Lions' Matthew Stafford not ready to talk about future after gutty performance

Justin Rogers
The Detroit News
View Comments

Detroit — Despite battling three separate injuries, including a sprained ankle that knocked him out of the game in the early stages of last week's matchup against Tampa Bay, Detroit Lions quarterback Matthew Stafford delivered a strong, three-touchdown performance in a season-ending loss to the Minnesota Vikings

Like he has many times, both this season and during his 12-year career, Stafford was simply unable to overcome an awful performance by his defense, which finished the season breaking franchise records for both yards and points allowed. 

Lions quarterback Matthew Stafford threw three touchdown passes in Sunday's loss to the Vikings.

Now, focus shifts to the offseason for the Lions, where the franchise soon will hire new leadership. And once they do, that focus shifts back to Stafford and his future with the team that selected him first overall in the 2009 draft. 

Former teammate, close friend and ESPN analysts Dan Orlovsky took to Twitter after the game to echo a sentiment he's made known on multiple occasions in recent weeks; that the Lions and Stafford should divorce in 2021. 

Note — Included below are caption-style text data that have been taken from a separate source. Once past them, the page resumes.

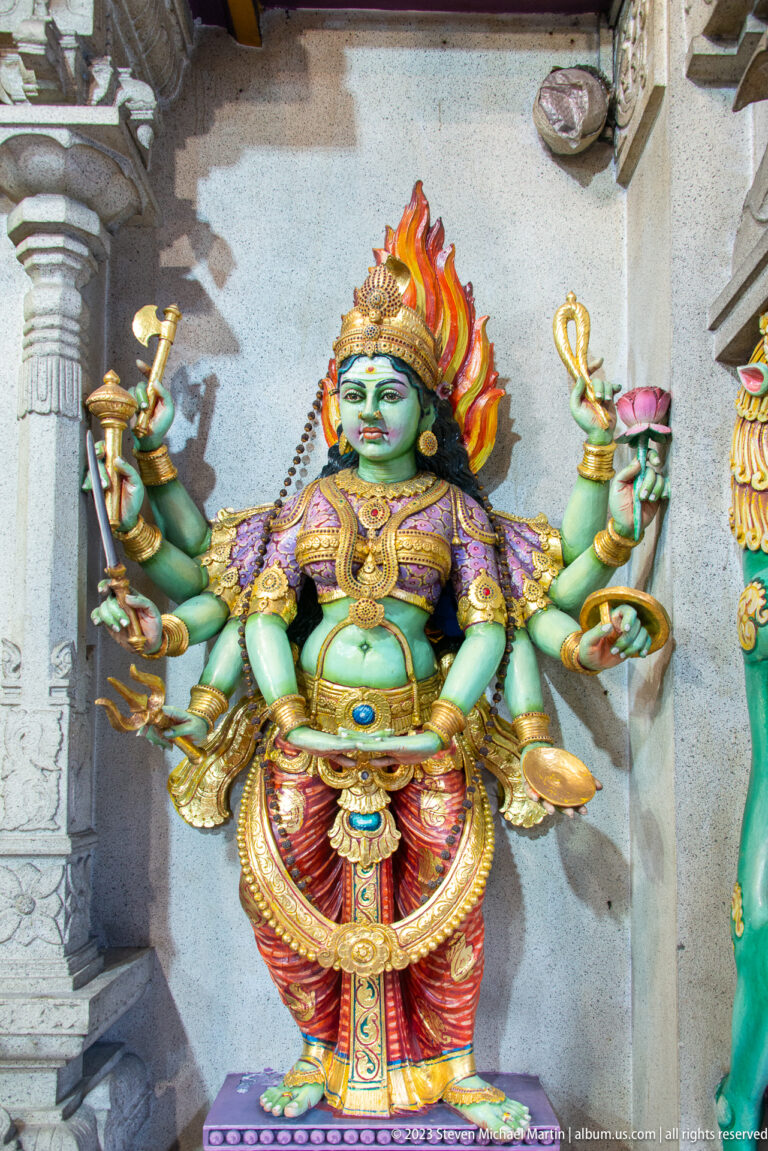Green-skinned multi-armed goddess with flaming crown, lotus, vessels, and gold jewelry.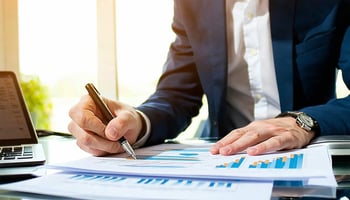  Business owner reviewing a loan agreement and financial documents.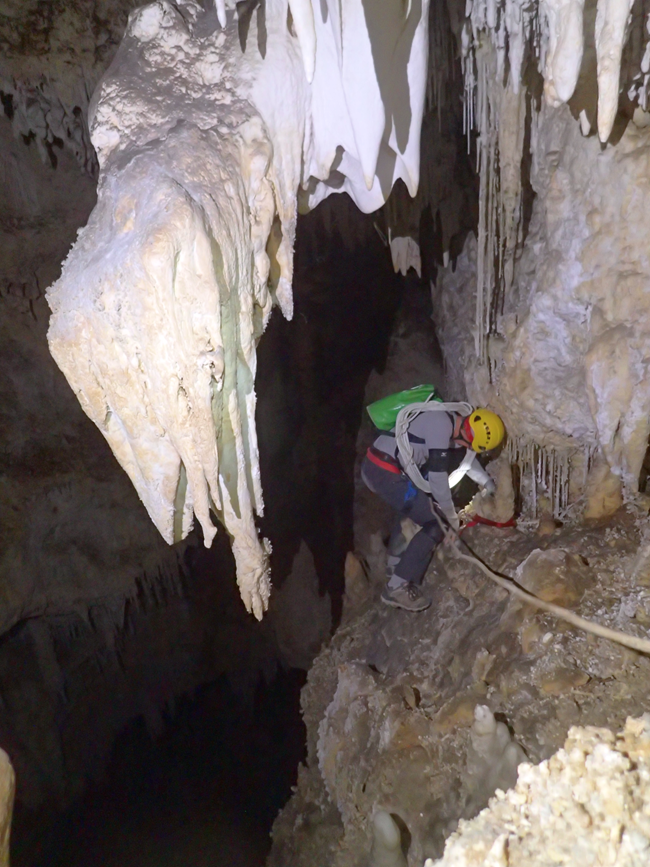a person walking along a ledge in a cave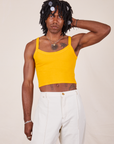 Jerrod is 6'3" and wearing S Cropped Cami in Sunshine Yellow paired with vintage off-white Western Pants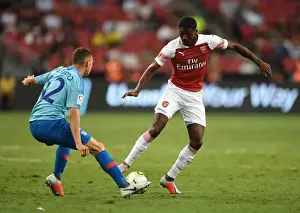 Arsenal V Atletico Madrid 2018-19 Prints: Arsenal's Ainsley Maitland-Niles Faces Off Against Atletico Madrid's Mikel Carro in International Champions Cup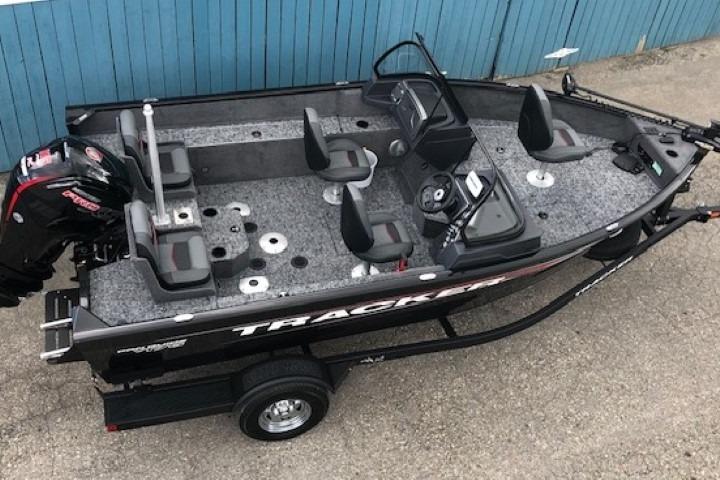2026 Tracker Pro Guide V-175 Combo boat on trailer, featuring spacious seating and modern design.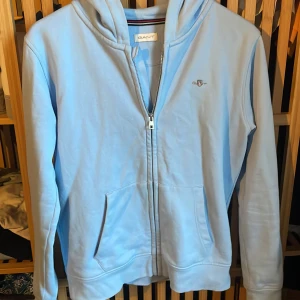 Ljusblå hoodie med dragkedja från GANT - Säljer en ljusblå hoodie från GANT med dragkedja och fickor framtill. Tröjan har huva och ett litet broderat GANT-logo på bröstet.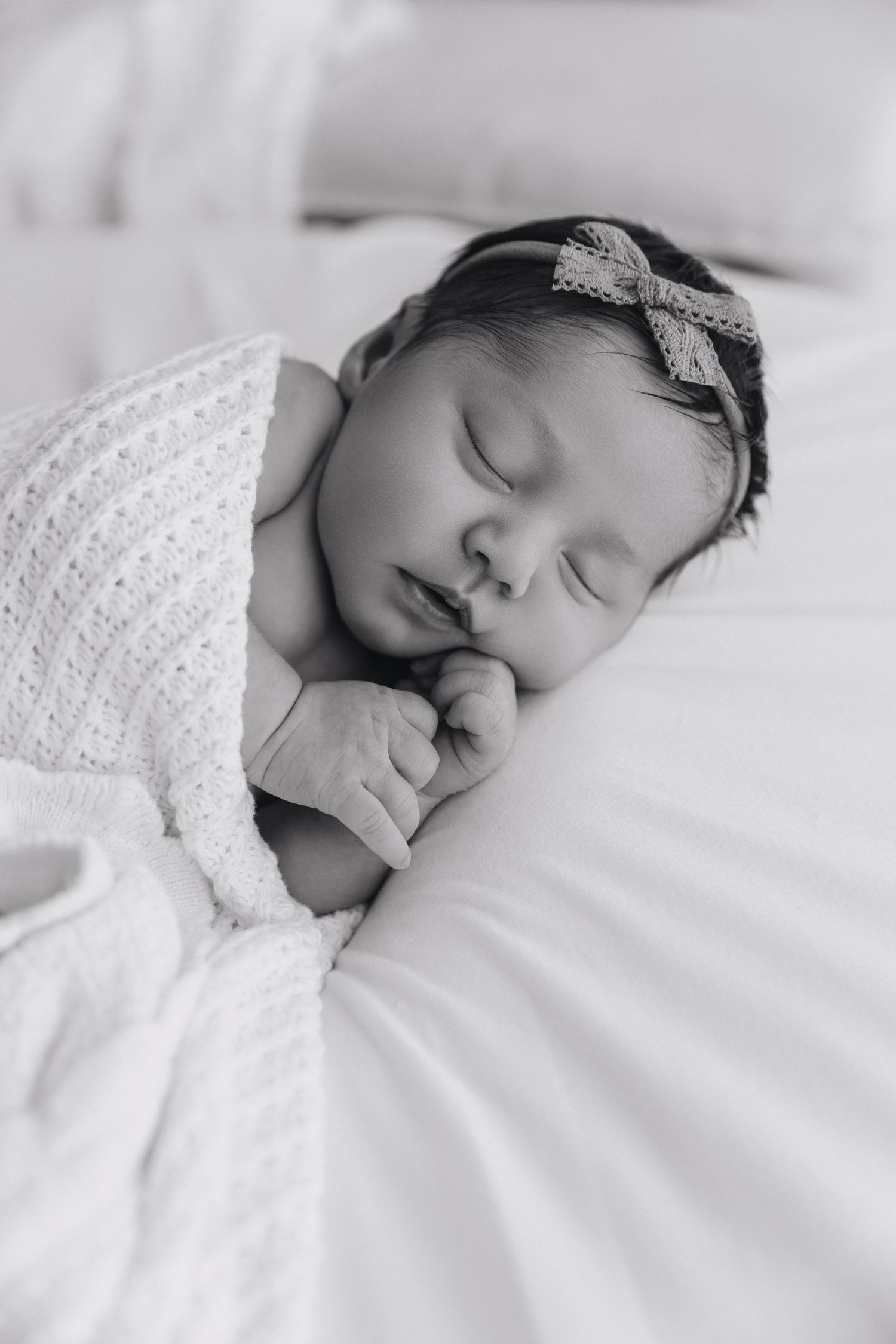Black and white portrait of sleeping newborn baby girl wrapped in white swaddle with lace headband.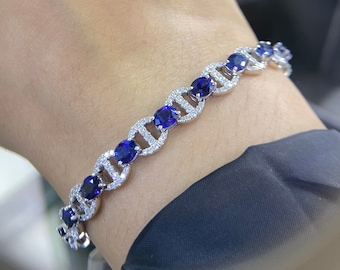 May include: A silver bracelet with a chain design featuring oval-shaped blue gemstones surrounded by smaller clear gemstones.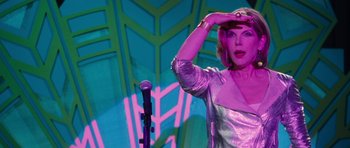 Movie still from “The Bounty Hunter” (2010), directed by Andy Tennant – A woman standing in front of a microphone on a stage; Medium shot, Low angle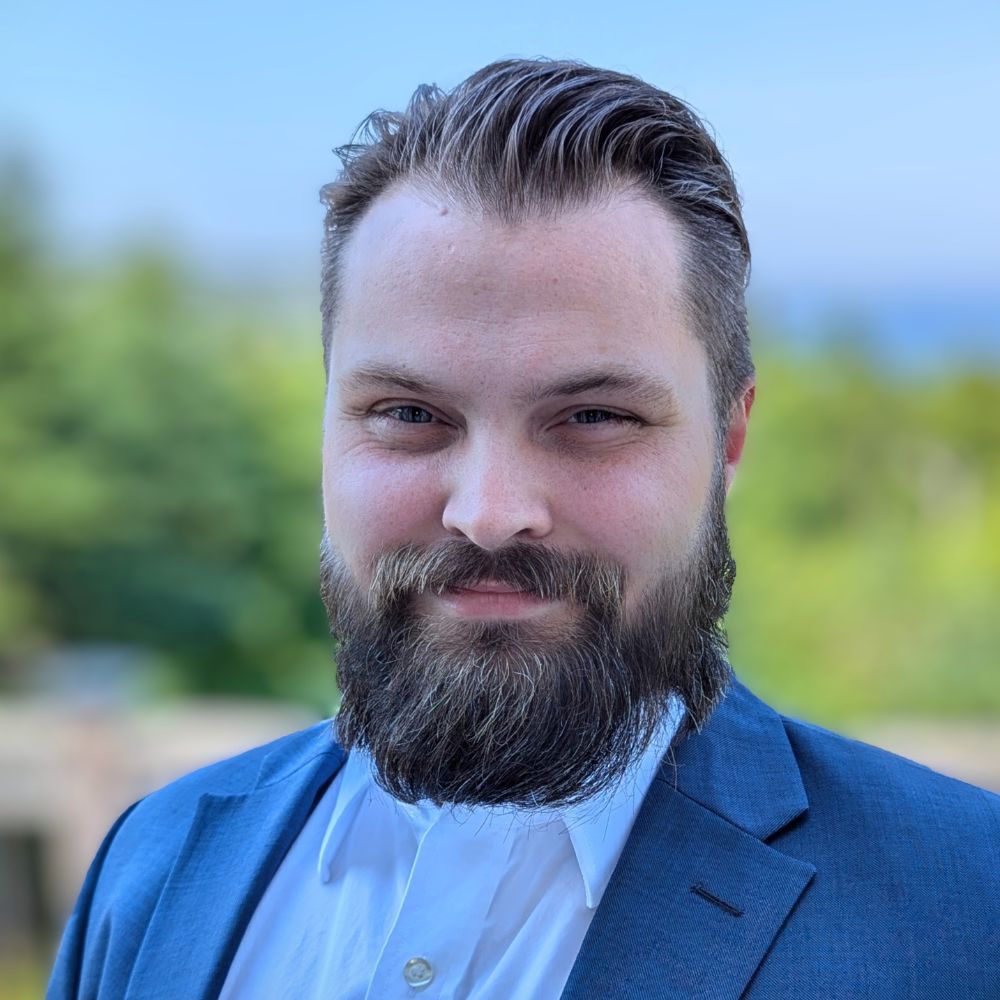 Man standing outside smiling at the camera.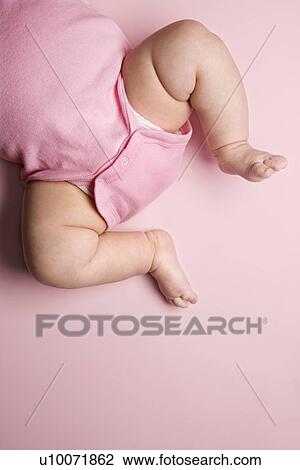 Stock Image - Close up of Asian babys chubby legs.. Fotosearch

"Today should be the final game for Matthew Stafford in a Lions uniform," Orlovsky wrote. "He goes down as one of the franchises best players, and certainly one that represented the city of Detroit and its people as well as anyone. He needs a new home — let him leave. ...The Lions need a full reboot."

Always a topic of offseason conversation, the debate figures to be as fierce as ever this offseason, despite Stafford still having two years remaining on his contract. 

And while he's far from oblivious to the talk, Stafford isn't at the point where he's ready to publicly address the possibility. 

"It honestly doesn’t matter if I know them or if I don’t, I really don’t pay too much attention to it," Stafford said about Orlovsky comments. "I just go about my business and go about my day-to-day and try to help this team win. All of those kinds of things, in my mind, will figure themselves out and we’ll go from there. Everybody has their right to their opinion. I know Dan well, he’s a good friend of mine, but to me, don’t pay too much attention to it."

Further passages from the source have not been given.